We can’t wait for the Legislature to return to understand what’s next for the far north because the answer should not come from provincial law. It must be found through a negotiated joint-planning regime based on renewed treaty relations.
When Ontario introduced the Far North Planning Initiative in 2008, it was in the context of trouble on the land. The leadership of Kitchenuhmaykoosib Inninuwug (KI) had been convicted of contempt of court for protecting their homelands from platinum mining as required under their own Indigenous laws. However, they were released from prison when their sentences were deemed excessive by the Ontario Court of Appeal. Ontario was subsequently forced to pay millions to two mining companies in order to buy out their claims in the contested territories. In the midst of this dispute, KI held a community referendum passing a Watershed Declaration and an enhanced Consultation Protocol; they subsequently secured a meeting with officials from three Ontario Ministries on the idea of a ‘bilateral panel’ that could jointly approve permit applications affecting KI lands.
But the province rejected the KI proposal for joint decision-making and the meeting did not produce a resolution.
The Far North Act, introduced two years later over the widespread objections of the Indigenous peoples who are the sole occupants of the Far North, was the government’s next attempt at resolving the jurisdiction question. It had the stated aims of protecting 50% of the boreal forest, ‘partnering’ with First Nations in decision-making and revenue-sharing, and allowing for new mining developments. In hindsight, many now see that while it was celebrated as an ecological victory by some major conservation organizations at the time, it was actually a development scheme designed to manage the increasingly troublesome claims to Indigenous governance authority across the region.
The initiative was roundly rejected by the northern communities themselves, with the Nishnawbe Aski Nation calling it “a new form of colonialism”. But in some ways it was just more of the same: consultations were rushed and under-resourced, took place outside of the affected communities, and arguably did not even meet the basic legal standard for genuine consultation. The form of mapping contemplated in the Act arguably reproduces the colonial logics of borders and boundaries that geographer Michelle Daigle, of the Omushkegowuk Cree Nation, critiques. Ultimately, however, the fundamental and enduring problem is with the underlying colonial architecture and the broader set of assumptions upon which the Far North Act rests.
The fact is, Ontario does not possess the exclusive legislative authority to make laws about land use in the far north: it must recognize the inherent jurisdiction of the Indigenous peoples who have always and continue to care for those lands and waters.
The FNA’s fatal flaw is that it purports to give the government the ultimate and unilateral authority to approve mining developments, or roads and other infrastructure, even if those decisions run contrary to community land use plans whenever the “social and economic interests of Ontario” are engaged (s.12(4)).

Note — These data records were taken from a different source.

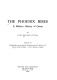 The phoenix rises : a mission history of Guam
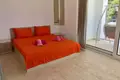 villa de 5 chambres 250 m² Kassandra Municipality, Grèce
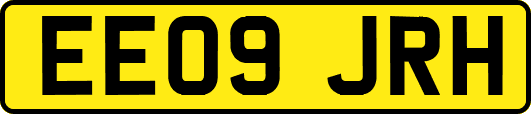 EE09JRH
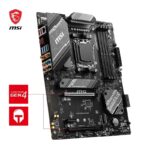 MSI-B650-Gaming-Plus-WiFi-Motherboard-1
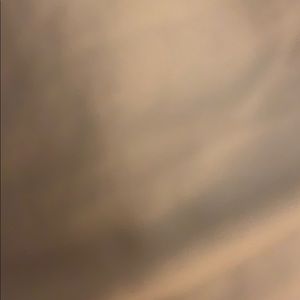 Meet your Posher, Nadine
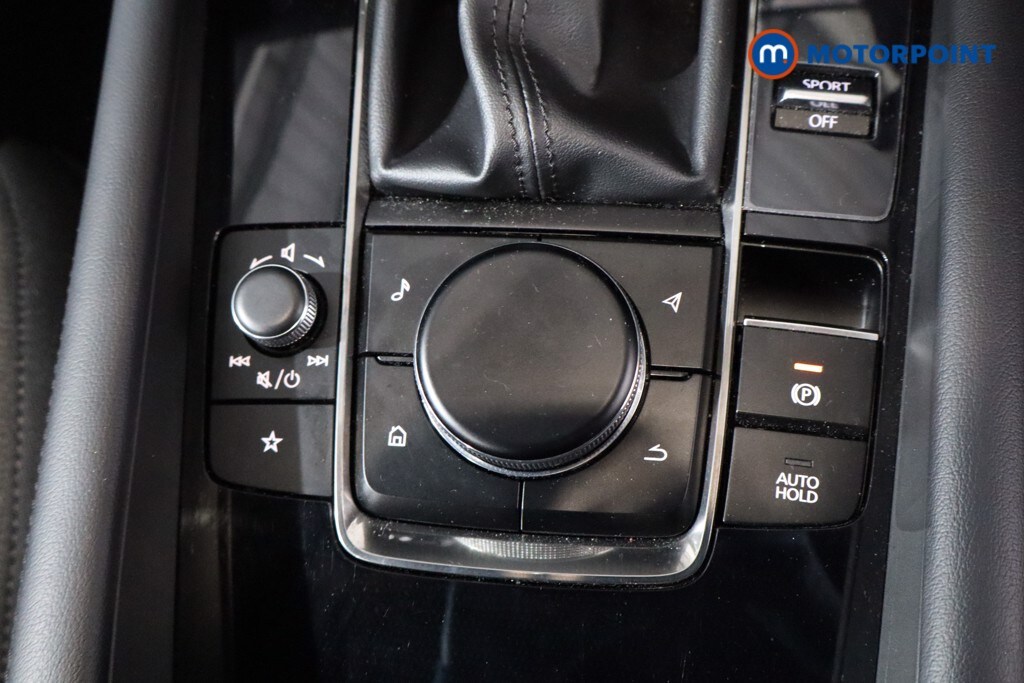 Used Mazda Mazda3 2025 for sale - 77590906: Photo 25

In other words, it presents a prime example of the contemporary state tactic Shiri Pasternak describes: an attempt by the Crown to replace the inherent jurisdiction of Indigenous peoples with a form of delegated state authority. Any new regime for land-use planning in the far north is going to necessarily entail genuine joint-decision-making in which final authority is shared – of the kind that KI proposed in 2011.
This means that First Nations must have control over permitting in their territories – the granting of licenses and permits that give rights to third parties on the land is the moment at which Indigenous treaty rights and interests are undermined.
For a lasting resolution and a just and sustainable planning regime in the Far North, shared authority is the baseline on which negotiations must build.